Methodological quality analysis/studies’ bias risk

The studies were evaluated using SYRCLE’s RoB (Hooijmans et al., 2014) tool, for pre-clinical in vivo studies, with non-human animals. Related to ethnobotanical and pre-clinical studies in vitro it was not possible to carry out this analysis, once there is no validated tool for such finality.

SYRCLE’s RoB tool was elaborated based on Cochrane Collaboration’s (Higgins and Green, 2011) criteria, being adapted to evaluate the methodological quality and bias risks of experimental studies with non-human animals. This tool is composed of 10 entries that are related to 6 bias types: selection bias, performance bias, detection bias, friction bias, bias notification and other bias (Hooijmans et al., 2014). Based on the aforementioned tool, the studies were classified as "low bias risk", "high bias risk" and "not clear bias risk".

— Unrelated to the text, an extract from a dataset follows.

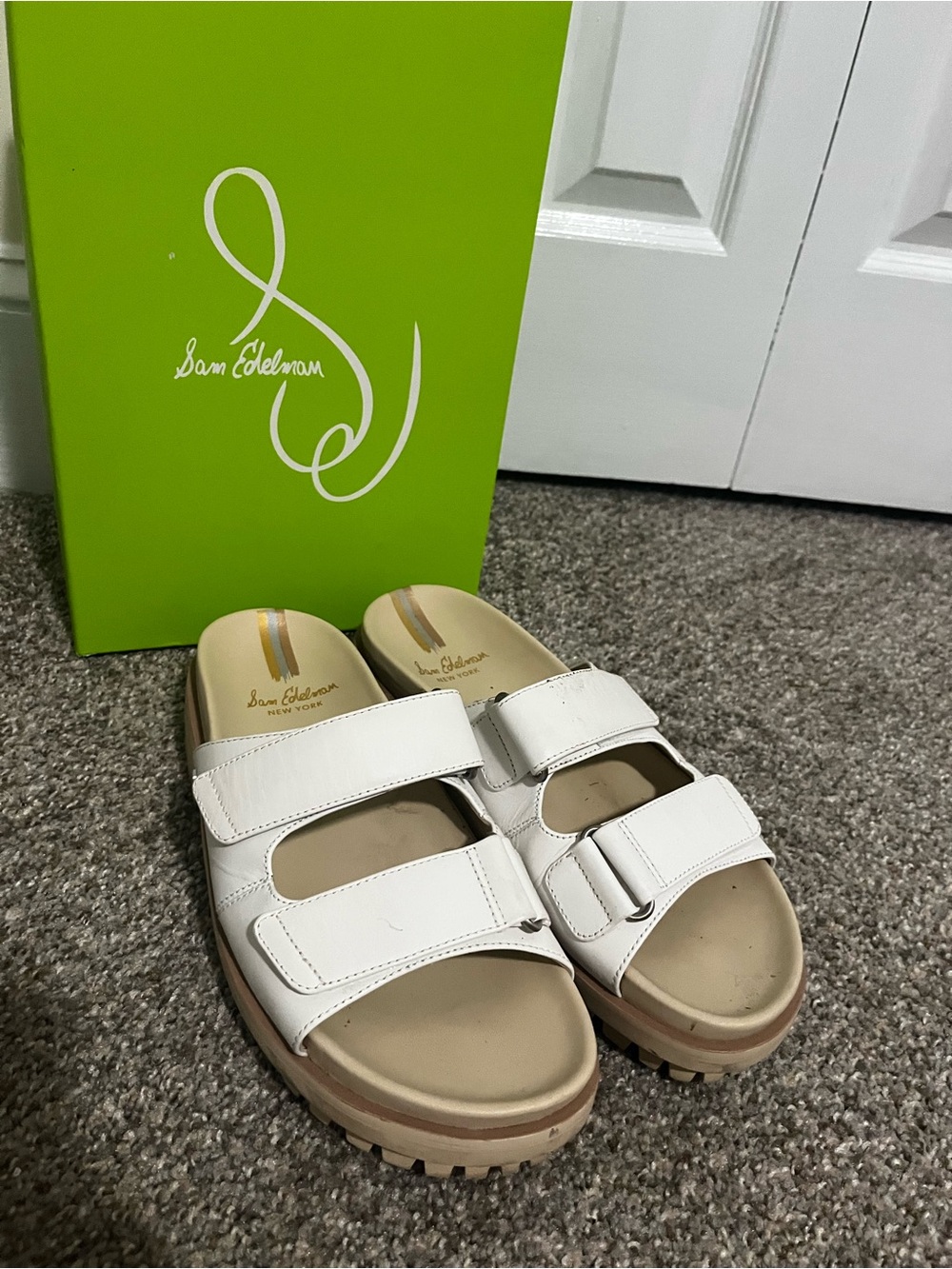 Sam Edelman White Leather Double-Strap Platform Slide Sandals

Extraction and data analysis

Data were obtained by one of the researchers (C.N.F.L.) using a list of selection criteria, which were accurately verified by the second researcher (L.F.L.). Regarding the articles that deal with ethnobotanical studies, the extracted items were information related to the species, the structure used, the form of use, traditional use, and the country. Regarding ethnopharmacological studies, the information obtained was: species, the structure used, type of extract/essential oil, type of test and effect, according to the literature. Grouping statistics (meta-analysis) were not possible due to methodological heterogeneity between studies.

 


 RESULTS

In this systematic review, were found 153 articles in consulted databases. In the Scopus database, there were 113 articles and in Web of Science, 40 articles. After abstracts and titles screening were excluded 18 duplicated articles, remaining 135, and from full-text analysis, 111 texts were excluded. Finally, after inclusion and exclusion criteria application, 24 articles were selected for this study, in which 15 articles addressed ethnobotanical studies that demonstrated Piper species use in traditional medicine for inflammation and 9 articles with pharmacological studies of the species demonstrating elucidation for this activity (Figure 1).

 

 

Medicinal use of Piper genus species

Studies have demonstrated Piper genus use in traditional medicine. Here we highlight some ethnobotanical surveys that   exhibit   Piper   species   use   for  the  treatment  of inflammatory diseases.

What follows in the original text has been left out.